The technique we settled on was to take histograms of the colors in the image (one each for red, green and blue) and just look at the overall distribution of colors on the page. We calculate the difference between the starting histograms (for the first video frame) and the ending histogram (last video frame) and use that difference as the baseline. The difference of the histogram for each frame in the video versus the first histogram is compared to the baseline to determine how “complete” that video frame is. There are some cases where it will not really be accurate but the trade-off has proved to be very worthwhile for the vast majority of pages we have tested it against.

This is the original mechanism that was used to calculate visual progress when the Speed Index was initially created and still works well but there are some cases where it has problems (video playing on pages, slideshows animating or large interstitials).
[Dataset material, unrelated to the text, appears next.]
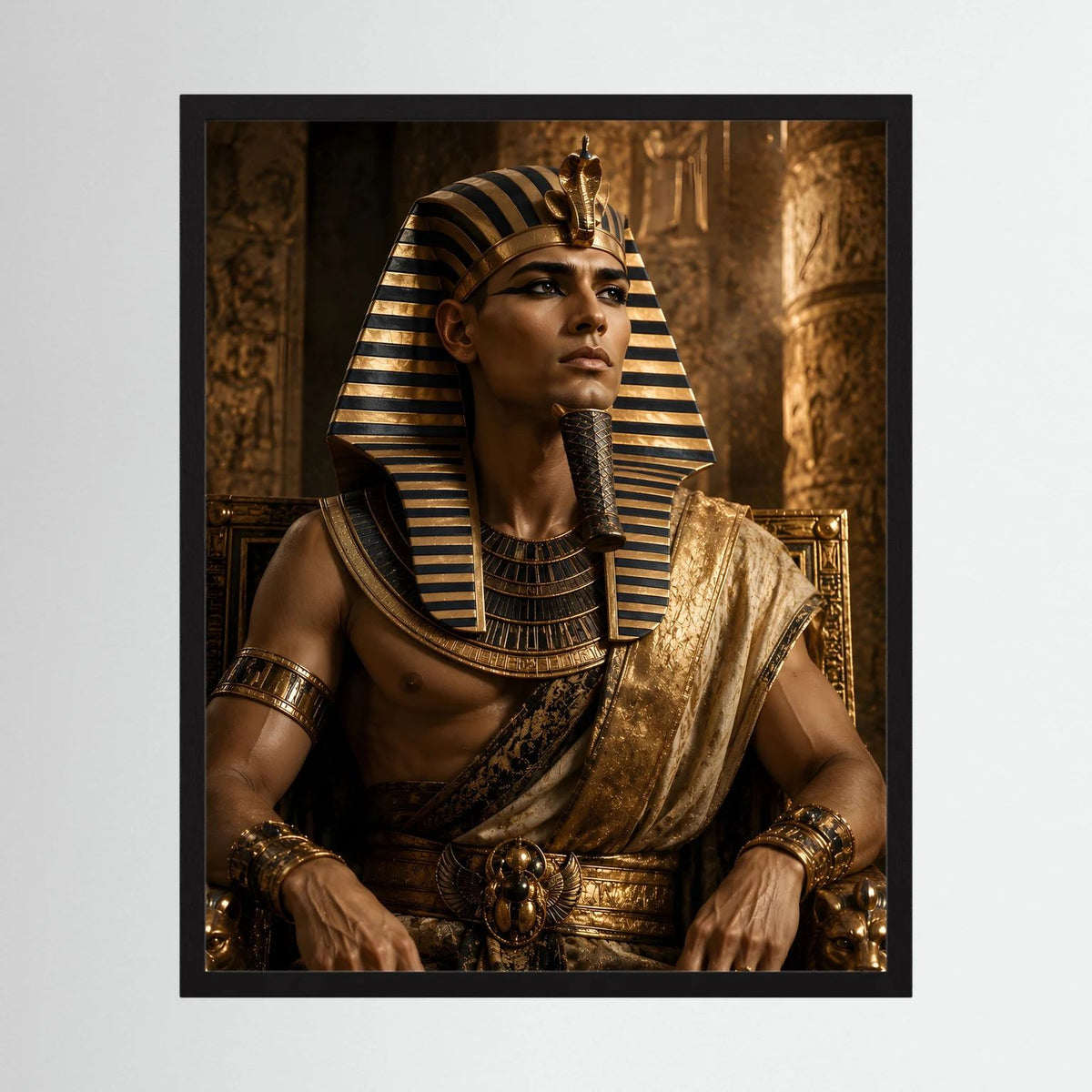 Ägyptisches Pharao-Wandbild im schwarzen Rahmen: sitzender König mit goldenen Streifen.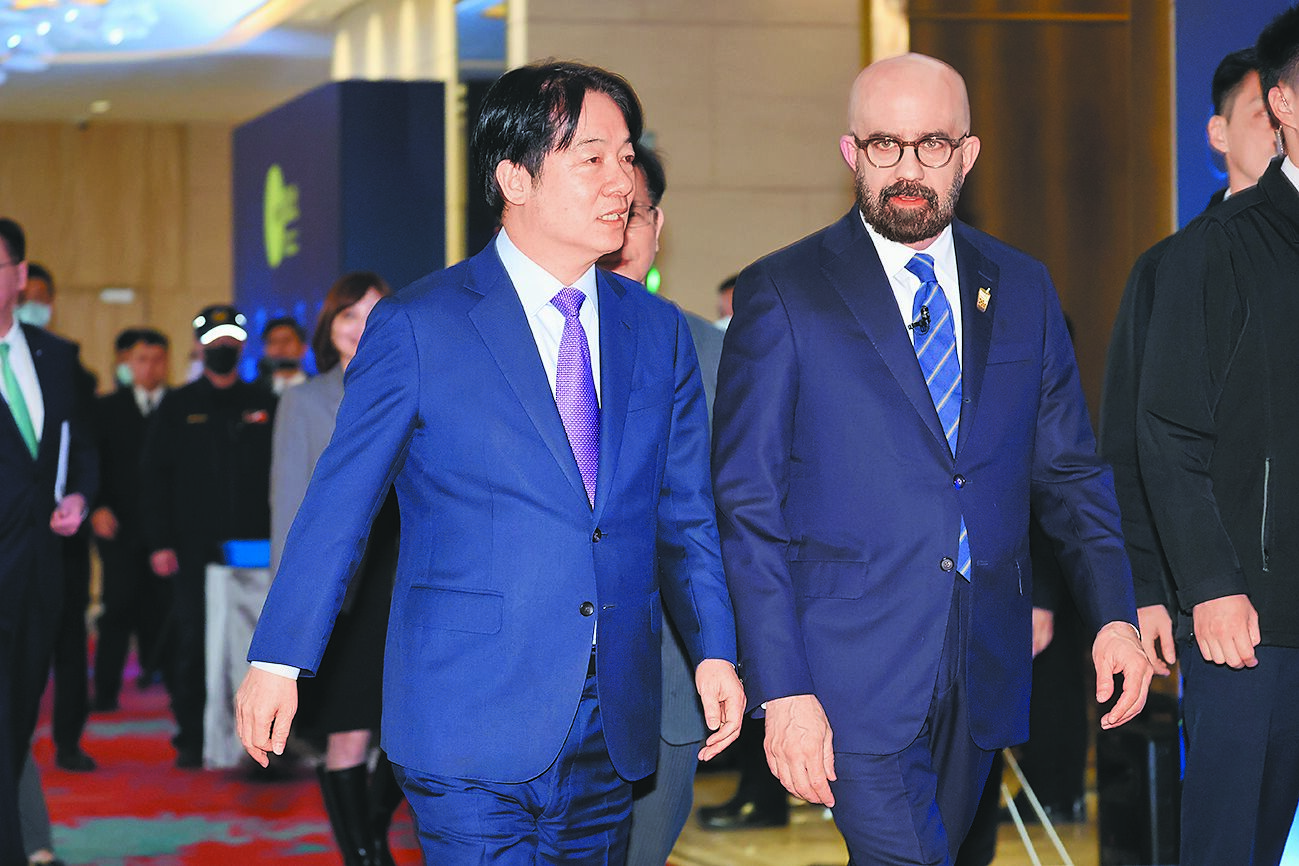 前烏克蘭國會議員霍普科21日強調烏克蘭人不反對選舉,但憂親俄政權上台。圖為哈利法克斯論壇主席范普拉(右)迎接賴清德總統入場。(本報資料照片) image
It is very sensitive to the end state and calculates the progress based on the final image. It is also only measurable in a lab and relies on video capture being possible.

Visual Progress from Paint Events

More recently we have (successfully) experimented with using the Paint Events that are exposed by Webkit through the developer tools timeline (which are also available to extensions and through the remote debugging protocol). It is available on all recent webkit-based browsers including desktop and mobile and across all platforms. It is also very lightweight and does not require capturing video. It is somewhat sensitive to the renderer implementation in a given browser so it is not as useful for comparing performance across different browsers.

In order to get useful data, it requires a fair bit of filtering and weighting.

The specific algorithm we are using to calculate the speed index from the dev tools paint rects is:

• In the case of Webkit-based browsers, we collect the timeline data which includes paint rects as well as other useful events.
• We filter out any paint events that occur before the first layout that happens after the first response data is received.
• ResourceReceiveResponse -> Layout -> Paint events.
• This is done because the browser does several paint events before any data has actually been processed.
• We group all paint events by the rectangle that they are updating (frame ID, x, y, width, height).
• We consider the largest paint rectangle painted to be the “full screen” rectangle.
• Each rectangle contributes a score towards an overall total. The available points for a given rectangle is that rectangle’s area (width x height).
• Full screen paints (any paint events for the largest rectangle) are counted as 50% so that they still contribute but do not dominate the progress.
• The overall total is the sum of the points for each rectangle.
• The points for a given rectangle are divided evenly across all of the paint events that painted that rectangle.
• A rectangle with a single paint event will have the full area as it’s contribution.
• A rectangle with 4 paint events will contribute 25% of it’s area for each paint event.
• The endTime for any given paint event is used for the time of that paint event.
• The visual progress is calculated by adding each paint event’s contribution to a running total, approaching the overall total (100%).